Comic Strip of the Day

CSotD: State of Disunion

Prc160625
Start with the personal one: Carmen is bailing out on her newspaper job over at Prickly City, and it's clear that Scott Stantis knows the current state of the industry.

When I told my boss I was quitting my job at a chain-owned daily, back in 2006, he congratulated me on my escape to a personally-owned community biweekly. He, unfortunately, had a mortgage and a wife with a job in that town and two kids still in high school, so the notion of bailing out and heading for the Maine woods was, for him, only a dream. 

However, within a few months of my departure, he was awarded the cardboard box and, when I called him to commiserate, was no more surprised by the event than I was to have heard about it.

Ours, as I've said before, is one of the few industries where you can run into an old colleague and say "So, are you still working?" without seeming rude.

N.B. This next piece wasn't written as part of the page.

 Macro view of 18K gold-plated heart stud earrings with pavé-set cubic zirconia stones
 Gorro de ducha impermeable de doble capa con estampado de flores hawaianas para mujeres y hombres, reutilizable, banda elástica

I do remember the days when it was a shock. A few years earlier, a productive, award-winning, nationally-recognized colleague at the Daily News had been called into the boss's office and while she was in there being told she was being fired, they cut off her phone and deleted her email account, then frog-marched her out of the building without even handing her the cardboard box.

I'm not sure how she retrieved her personal belongings but suspect she had a suddenly-former colleague fetch them for her. 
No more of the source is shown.